Demo Strategy

author: Joseph Chen
date: Sep 14th, 2022

This demo will show how to build a practical strateqy (pairs trading) from scratch in the framework of QTrader.

Python environment

It is recommended to use conda to manage your environment. The following code creating a virtual environment named demo_strategy and installing the relevant packages:

> chmod +x ./preparations.sh 
> ./preparations.sh

Or you can manually input the following commands:

> conda create -n demo_strategy python=3.8
> conda activate demo_strategy
> pip install --force-reinstall git+https://github.com/josephchenhk/qtrader@master
> pip install dill finta termcolor pyyaml func_timeout scipy statsmodels hyperopt jupyter seaborn

EDA and Data Preparations

Refer to notebook EDA.ipynb for exploratory data analysis. After running the notebook, you should have prepared a data folder named clean_data in your current working directory. We will use this dataset to backtest our model.

Model Description

Cryptocurrencies are more inclined to co-move due to some common market sentiment than traditional assets. Therefore, they could be good candidates for a pairs trading strategy, which is based on exploiting the mean reversion in prices of securities.

There are two key things concerning a pairs trading strategy:

Determine the candidate pairs
Determine the entry and exit rules

The following paragraphs explain these in details:

Suppose S1 and S2 are the prices of two securities. In the training window, the linear regression of the logarithmic prices give:

$$\log(S_1) = \gamma\cdot\log(S_2) + \epsilon$$

where the slope $\gamma$ represents the hedge ratio. We can define the residual term $\epsilon$ as the spread $s = \log(S_1) - \gamma\cdot\log(S_2)$, which is expected to exhibit mean-reverting properties.

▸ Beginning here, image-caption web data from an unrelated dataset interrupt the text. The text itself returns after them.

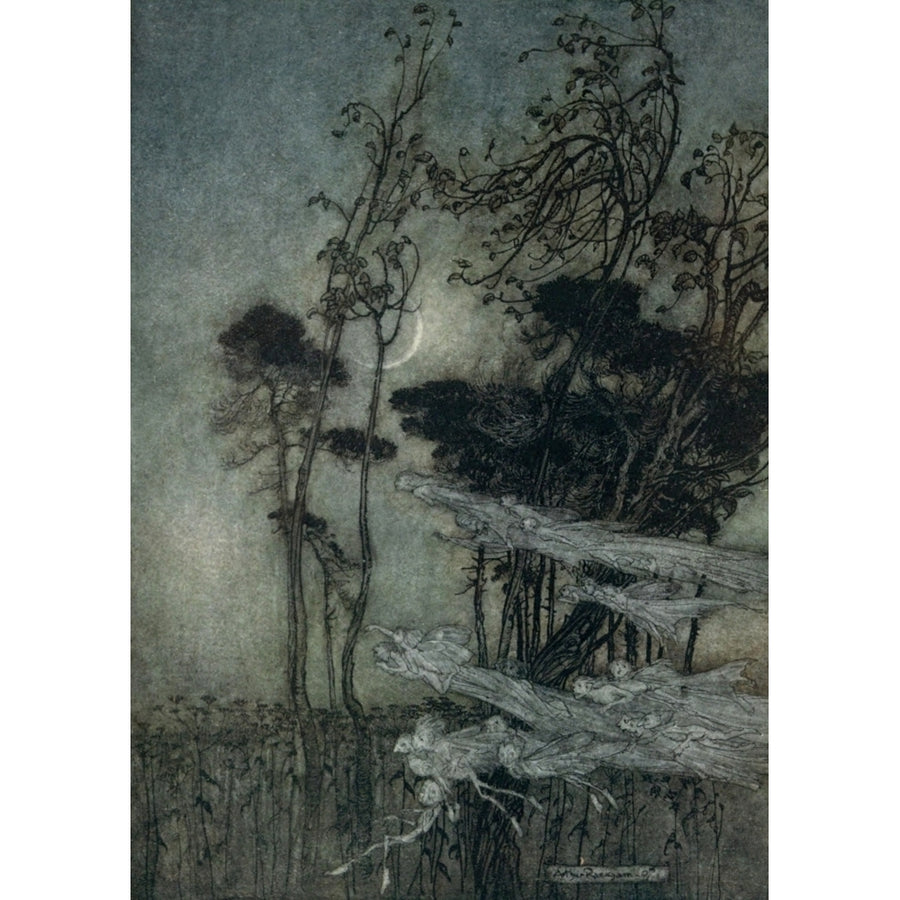 Midsummer Nights Dream 1908 The moon Poster Print by A. Rackham Image 1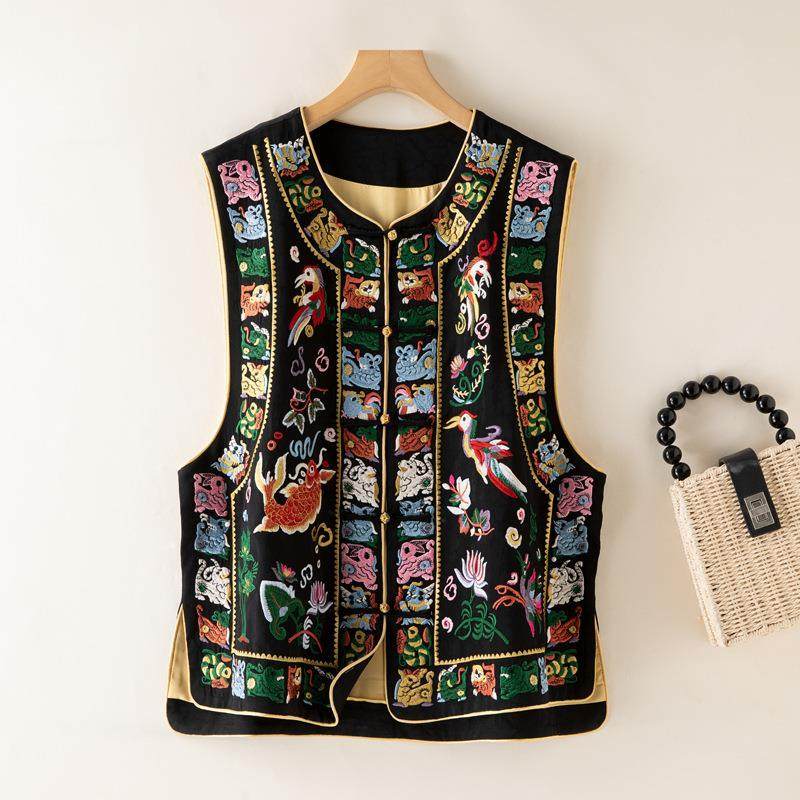 女装设计醋酸龟裂纹生肖刺绣一字盘扣马甲新中式黑色坎肩,女装/女士精品,马夹,淘宝优惠券,粉丝福利购,淘宝优惠卷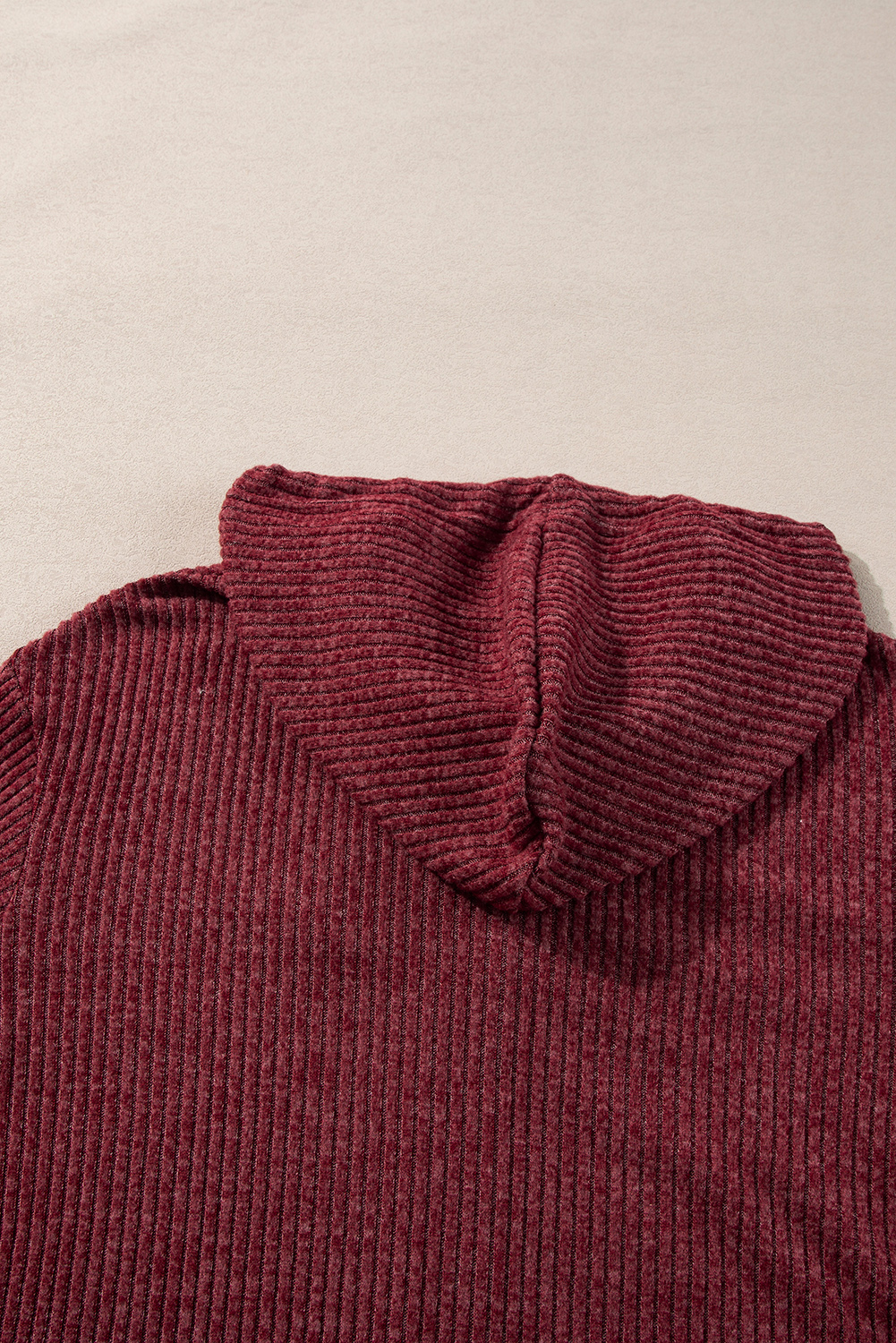 Dark Grey Ribbed Zip Up Front Drawstring Hoodie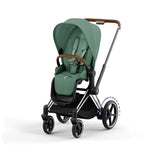 Cybex e-Priam Pushchair - Chrome Brown / Leaf Green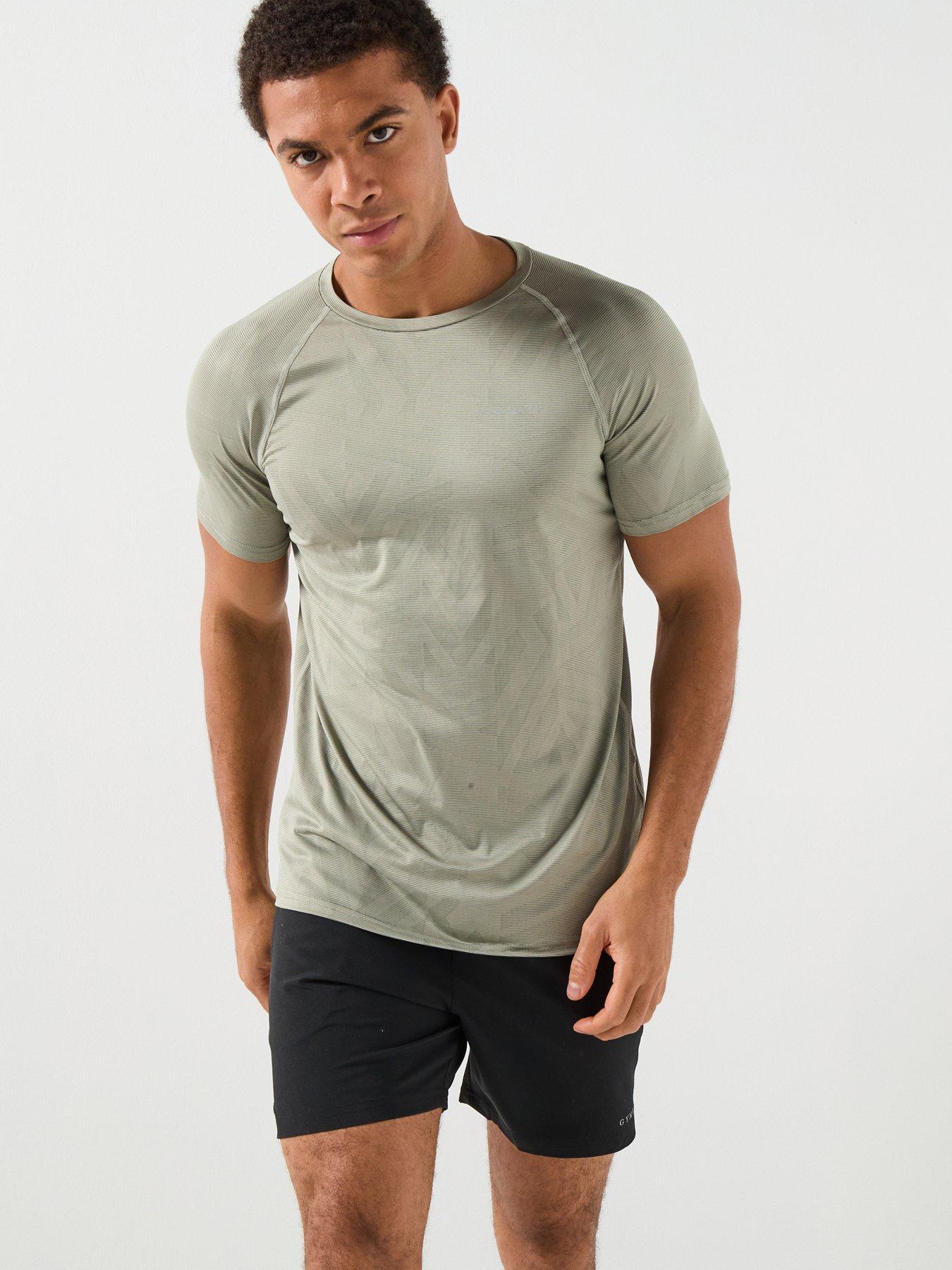 Gym King Mens Limitless Abstract Knit T-Shirt - Khaki Green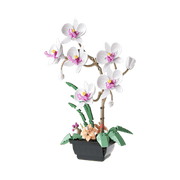 JAKI - Quiet White Moth Orchid Plastic Brick Model Kit (589 Piece Set)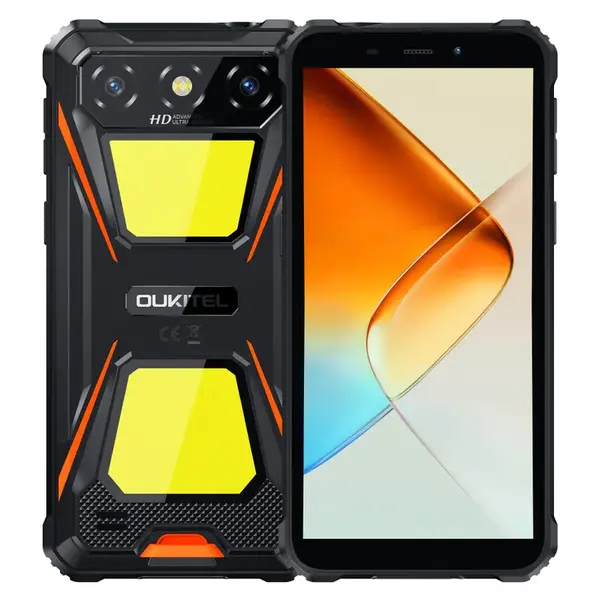 Telefon Mobil Oukitel G5, Portocaliu, 4G, 6 IPS 60Hz, 16GB RAM(4GB+12GB Extensibili), 64GB ROM, 13MP, Android 14, Unisoc T310, Incarcare Inversa, OTG, Jack, 6300, mAh, 10W, Dual SIM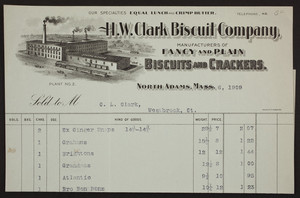 Billhead for the H.W. Clark Biscuit Company, manufacturers of fancy and plain biscuits and crackers, North Adams, Mass., dated November 6, 1909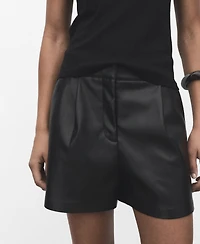 Mango Women's Skin-Effect Pleated Shorts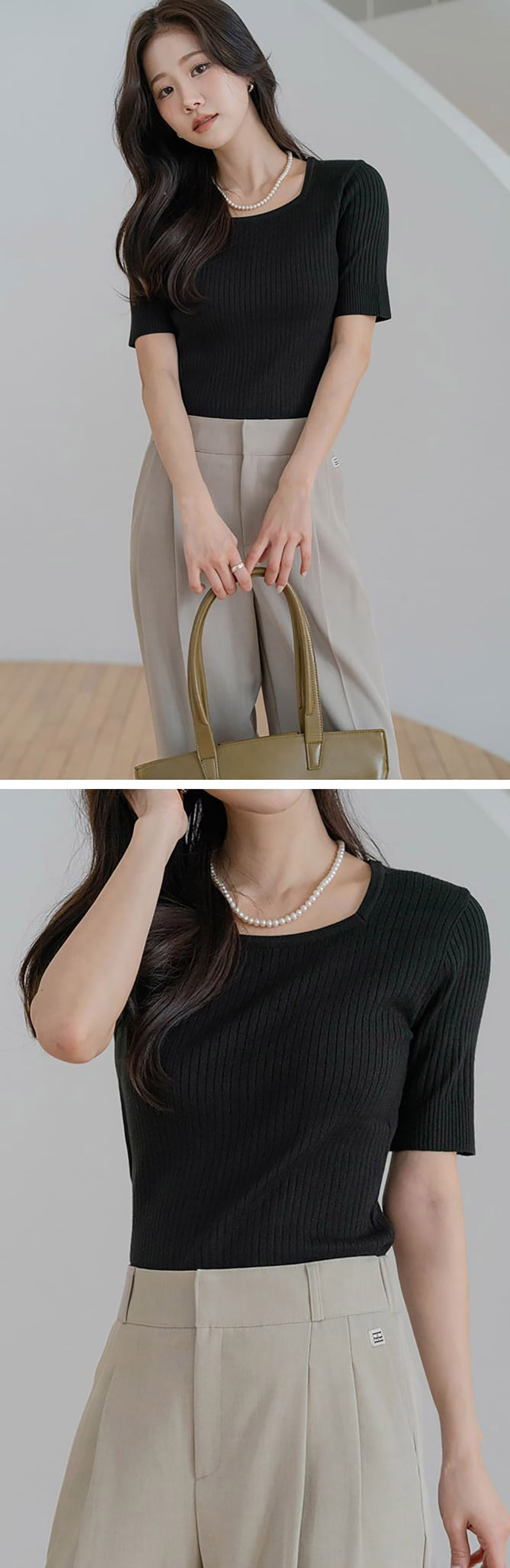 修身羅紋方領針織上衣,KOREA,357695,修身羅紋方領針織上衣,周新品優惠,NEWARRIVAL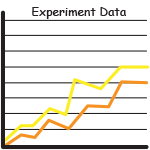 Cartoon line graph with two ascending lines.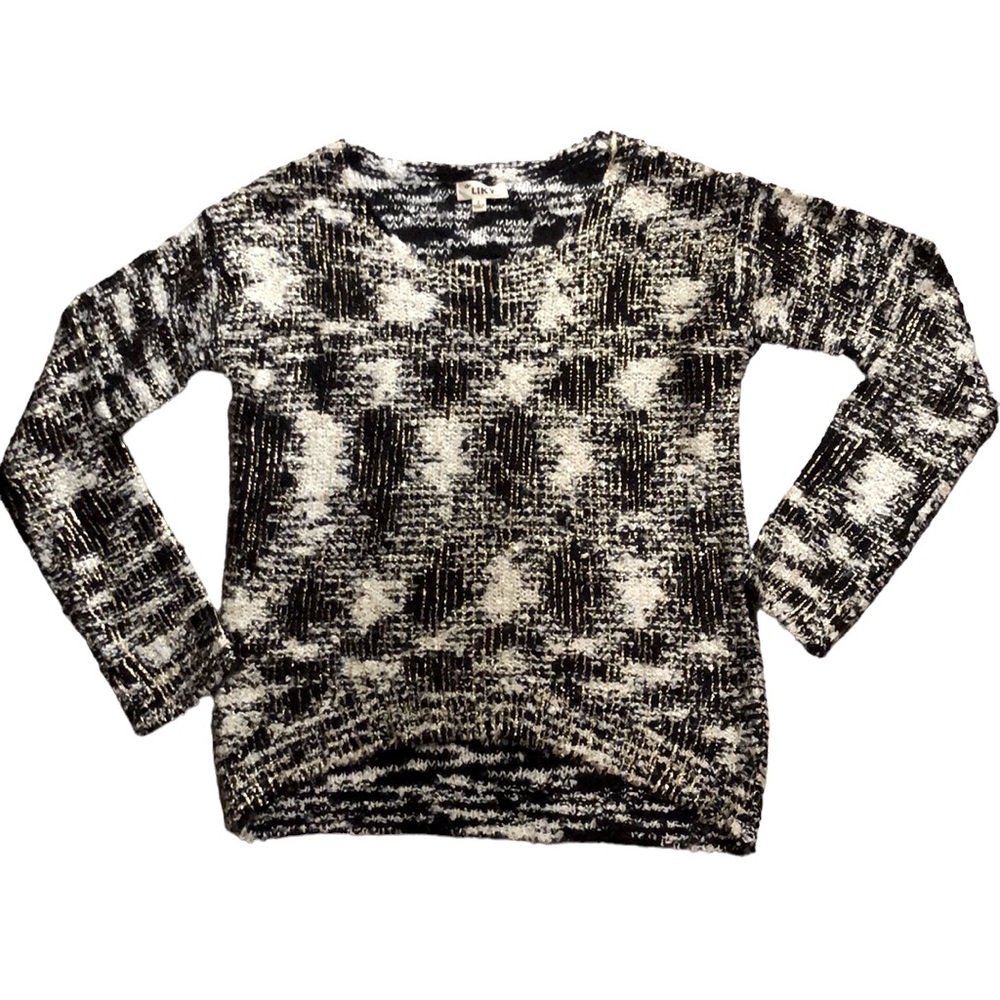 Liky | Black White & Metallic Gold Sweater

A Two-step method will be used to find out the candidate pairs. In step 1, for the given lookback window, the correlation of the logarithm prices will be calculated, and only those with a correlation higher than the threshold will be selected to enter step 2. In step 2, we will employ an Augmented Dicky Fuller (ADF) test on the shortlisted pairs from step 1, and only those with a p-value smaller than the predetermined threshold will be added to the final candidate pool. In the ADF test, linear regression is carried out and regression coefficients $\gamma$ and $\mu$ are obtained. These values are assumed to be constant throughout the testing period. Once the testing period completes, the training window will move forward to latest timestamp, and repeat this two-step calculation to determine candidate pairs in next testing period.

The main assumptions of this strategy could be summarized as:

The mean-reversion behaviors observed in the training period will continue to exist in the testing period, and the spread will mean-revert to its historical mean.
Once a candidate pair is determined by the two-step method, it is valid throughout the next testing period, and the hedge ratio will also remain unchanged.

Note that in reality, there is no guarantee for any of the assumptions above. Violation of the assumptions could lead to failures of the strategy.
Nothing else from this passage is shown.